The formula for profitability has been established for ages. Every business owner, CEO, freelancer and entrepreneur knows it. It is even required, in the US by Generally Accepted Accounting Principles (GAAP), which in turn is enforced by the SEC in the United States and the International Accounting Standards Board internationally.
Using GAAP or not, the fundamental profit formula is the same:
Sales – Expenses = Profit
is a lie. The formula prohibits profit.
Logically, of course, the formula is sound. A business must first sell in order to generate inbound cash flow. Then the business deducts the expenses utilized to deliver its product or service and to run its operations. What remains is profit. Profit, effectively, is a leftover.
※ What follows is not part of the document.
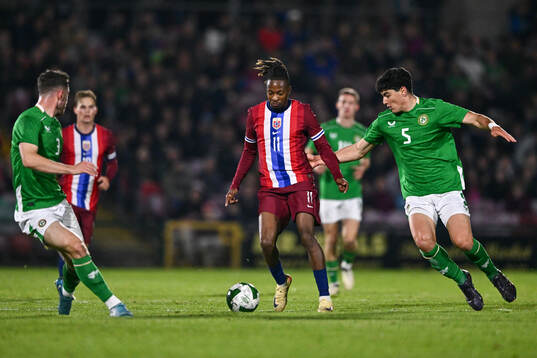 Joel Mvuka of Norway and Anselmo Garcia MacNulty of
While the GAAP formula makes logical sense, it ignores the fact that it is managed by people. We are, first and foremost, emotional beings, prone to ignore (or even defy) logic.
Cyril Northcote Parkinson, in his famous bestseller Parkinson’s Law, proposed that “work expands so as to fill the time available for its completion.” His theory has been generalized to state “The demand upon a resource tends to expand to match the supply of the resource.”
Arguably, money is the ultimate resource. In GAAP’s “Sales – Expenses = Profit” formula, the business owner sees the cumulative deposits (resource) from sales and has a propensity to conclude that all the money is available for expenses (the demand expands to match the supply). The new equipment purchase is justified because the money is there. A new hire starts, because the money is there. Profit? It is an afterthought. Therefore, there rarely is any.
Now consider a new formula, where a business takes profit first:
Sales – Profit = Expenses
Mathematically the formula is identical to GAAP’s. But from the perspective of human behavior, the Profit First formula is radically different. In the Profit First formula a preset percentage of deposits generated through sales are first allocated to profit. The remainder is used to pay expenses.
In practice, as deposits from sales come in a predetermined percentage, for example 15%, is immediately transferred to a separate profit account. The remainder is available for the business leader to run business as usual. The business owner will see his available cash (which has had the profit already deducted) and make decisions accordingly. The new equipment purchase may be delayed, or a more cost effective alternative may be found. A new hire won’t be made because the money is not there, and perhaps the entrepreneur will conclude was unnecessary in the first place.
While I have co-founded, built and sold two multi-million dollar technology service firms, admittedly they were never truly profitable. Every increase in revenue seemed to be matched with an even greater increase in expenses. Every day I checked (and still do) my bank balances. As the balances would climb and fall, so would my confidence and my spending. I lavishly incurred new, unnecessary expenses when my bank account was fat. I panicked when it was thin.
Every quarter since, I have posted a profit. Every business I have invited to flip the GAAP formula, has also posted a profit or, unfortunately in some cases, decided to give up the system because it put “too much downward pressure on expenses.”
GAAP offers so much more in business insights than most entrepreneurs could imagine, but it does fall short on working with an entrepreneurs “bank balance” habit. I have become an advocate for the Profit First approach to cash management, because of the one thing it does do extremely well. It works with the natural habit of business owners. And, it functions as a “plug-in” to all the GAAP accounting systems and processes I have place. It doesn’t change GAAP, it simply sits on top.
Profit First has transformed my own businesses for the better (if you consider consistent profits, better). Admittedly, Profit First is not the panacea to all cash flow problems, but it surely makes profit a habit.